Recently there have been a lot of complaints about the cost of Windows 7 in Australia compared to the USA and China.
One Microsoftie made the following comment in an article published on The Australian website on November 24.
A Microsoft spokeswoman confirmed that the Windows 7 software sold in China was “fundamentally the same” as copies sold in Australia.
Microsoft said its pricing decisions were influenced by a number of factors including exchange rates and local taxes and market conditions. But the main thrust of their argument appears to be that Chinese consumers can’t afford to pay more.
“It is worth noting that 2008 per capita income in Australia was $US47,498 ($51,643) and in China 2008 per capita income was $US3264. As such, they are very different markets. Creating a consumer price comparison between China and Australia is therefore not reflective of a like-for-like market analysis,” the spokeswoman said.

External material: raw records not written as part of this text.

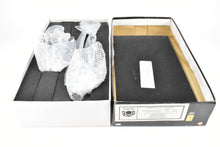 Load image into Gallery viewer, O Brass Sunset Models 3rd Rail Division C&O - Chesapeake & Ohio Allegheny Class H8 2-6-6-6 2-Rail F/P #1607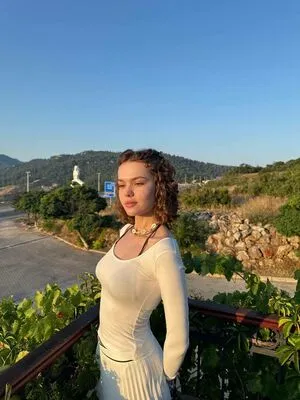 Charm Fate OnlyFans Leaked Free Thumbnail Picture - #vZXJ4e0hcD
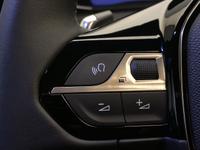 PEUGEOT 2008 Photo 24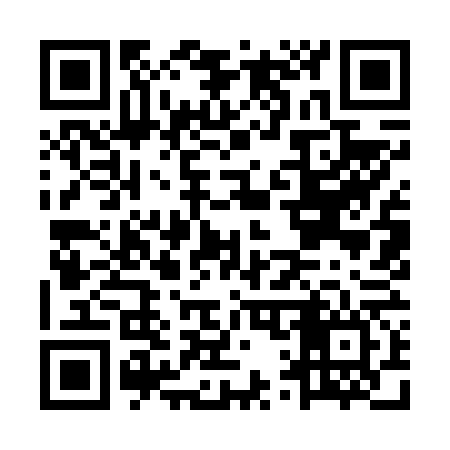 QR code for MQ9666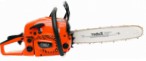 Saber SC-52 chonaic láimhe ﻿chainsaw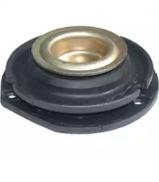 Подшипник BIRTH 50279 Подшипник BIRTH 50279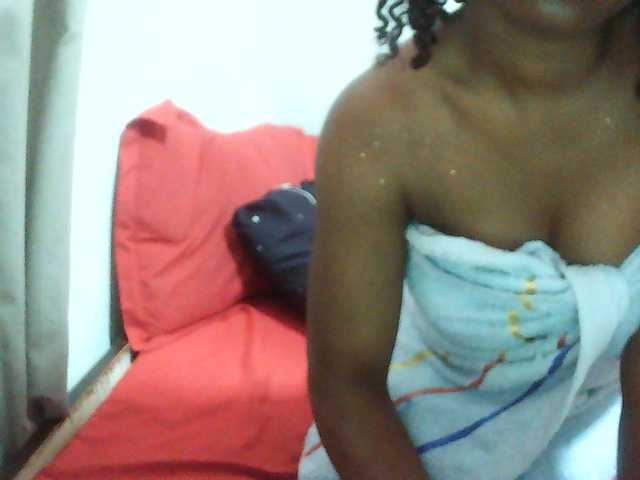 Angel77a live cam on BongaCams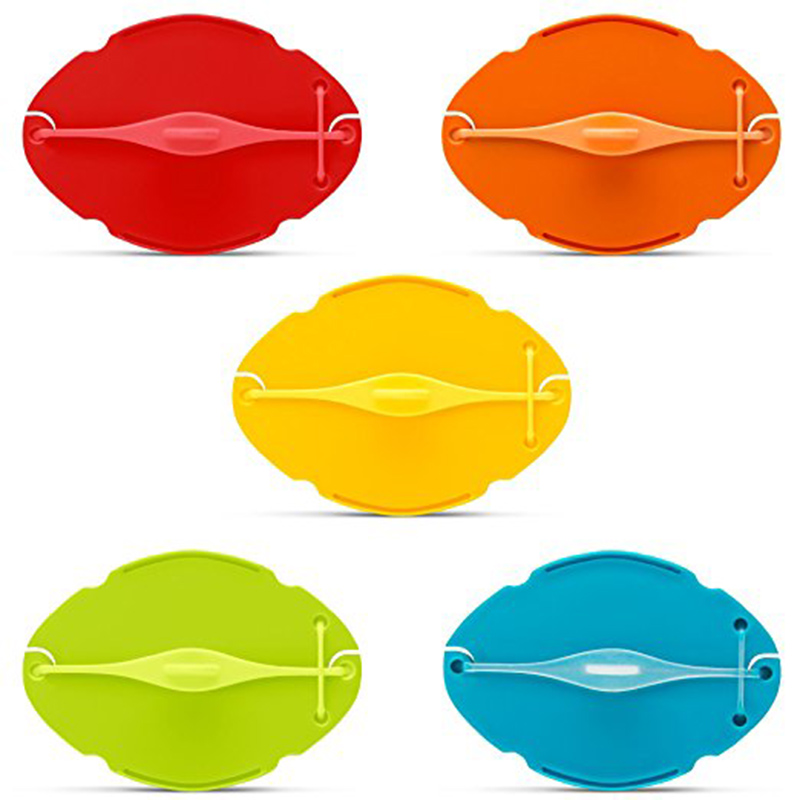 20 Seconds Foodsaver - Image 3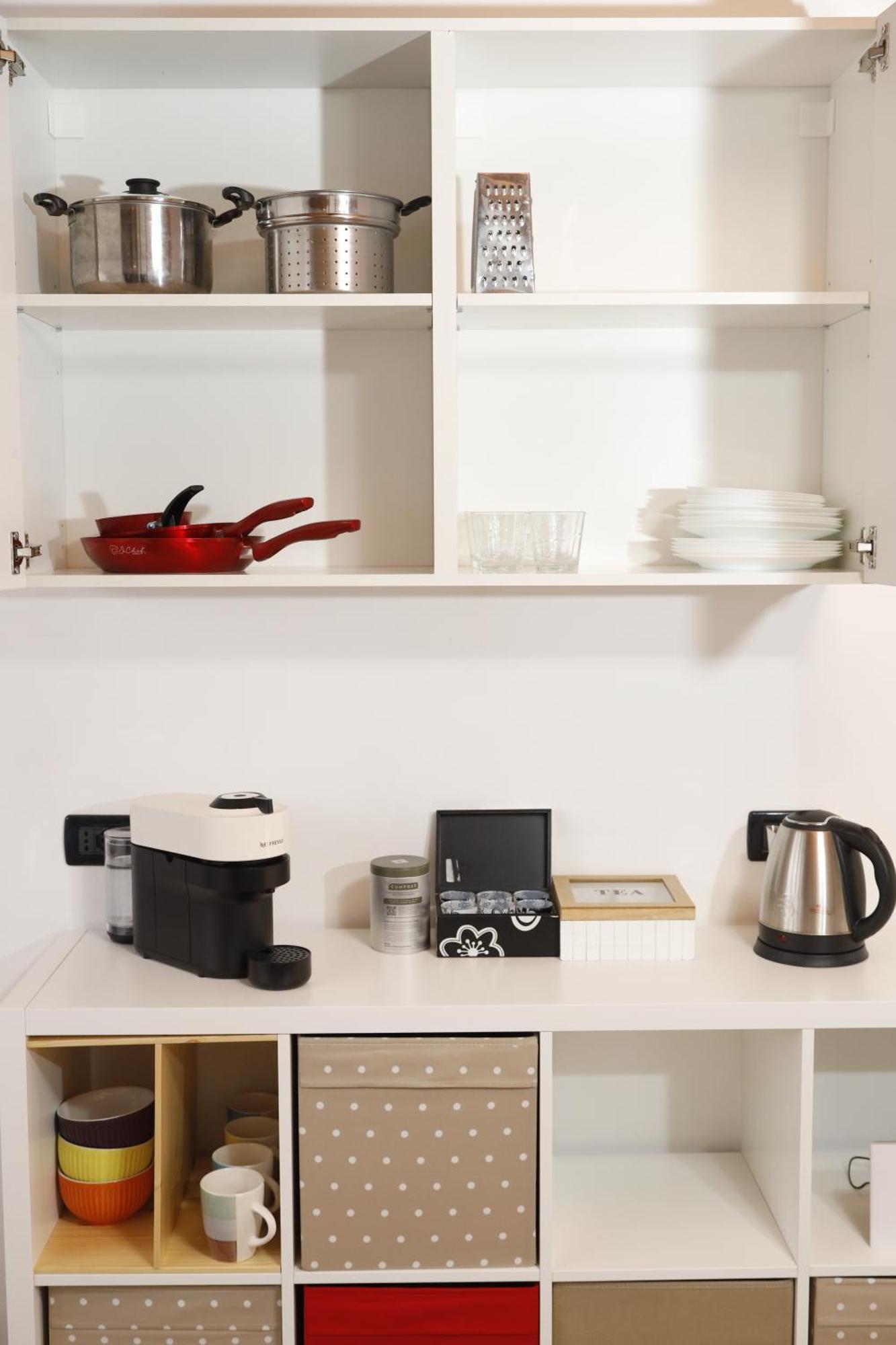 Amira Suite Fiera Verona Eksteriør bilde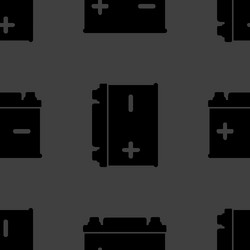 Similar image 8019458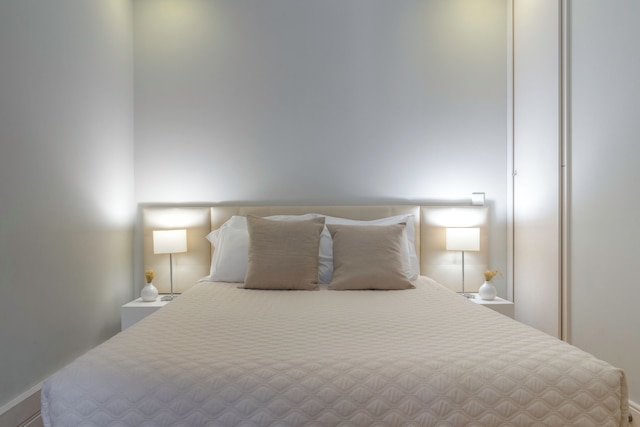 オポルトビュー アパートメンツ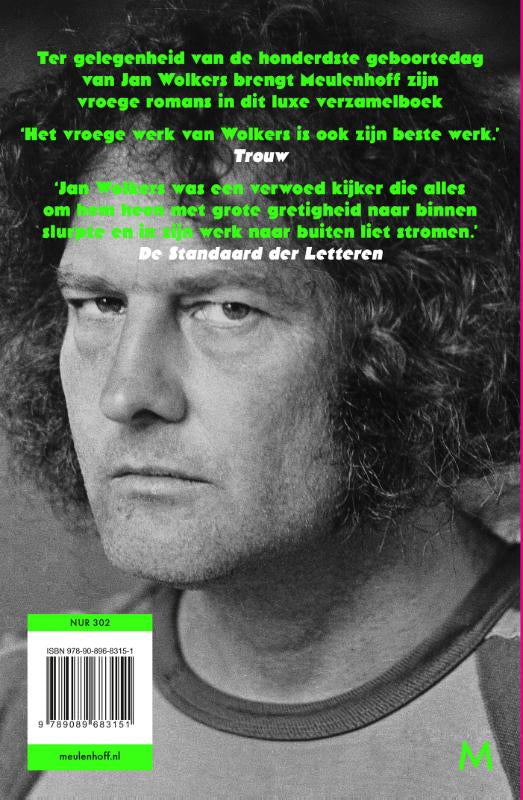 De-vroege-romans-flaptekst-9789089683908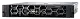 R7625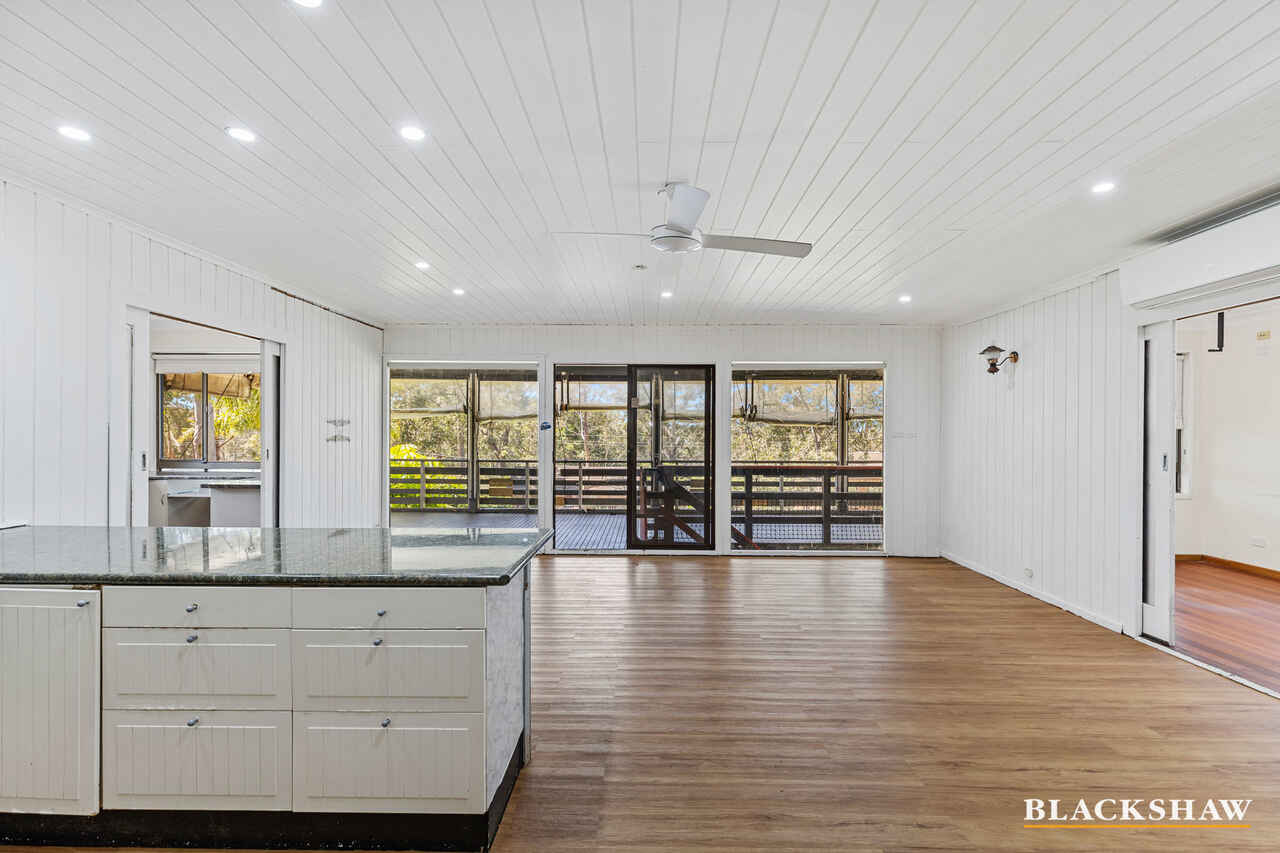 41 Village Road South Durras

So how do you justify the price of $120 per copy of Windows 7 Home Premium in China against the price of around $300 in Australia without saying rich countries are subsidising the cost of Windows in poor countries? I don’t see how else you can translate the comments from the Microsoftie.
Mind you, just look at the cost of Microsoft Office — if you’re a student, Microsoft was running a deal where you pay $75 for the “top of the line” edition of MS Office as a download if you have an .edu.au email address. If you don’t, the boxed product has an RRP of $1,173. That’s pretty expensive packaging…
Does anyone reading this think that Microsoft is going out the door backwards at $75? Sydney University had 46,054 enrolments in 2008 (according to its website). If we assume that only half of them bought Office at $75 a copy, Redmond gave away (in round numbers) $32,000,000 of potential revenue out of the goodness of their hearts.
Gee that Steve Ballmer is such a nice guy.
Now I know that someone out there is going to come back with VLA this, educational discount that, street price against RRP and overall margin something else. You can jerk the numbers around anyway you like, but, something doesn’t add up here.
It just looks like a play to increase market share by reducing the cost to emerging markets and students by passing the impost on to business. Why should a business in Australia subsidise the price of Windows 7 in China, or that copy of MS Office available for a student who may end up working for your opposition?
Are you in the business of increasing someone else’s market share or are you in the business of increasing yours?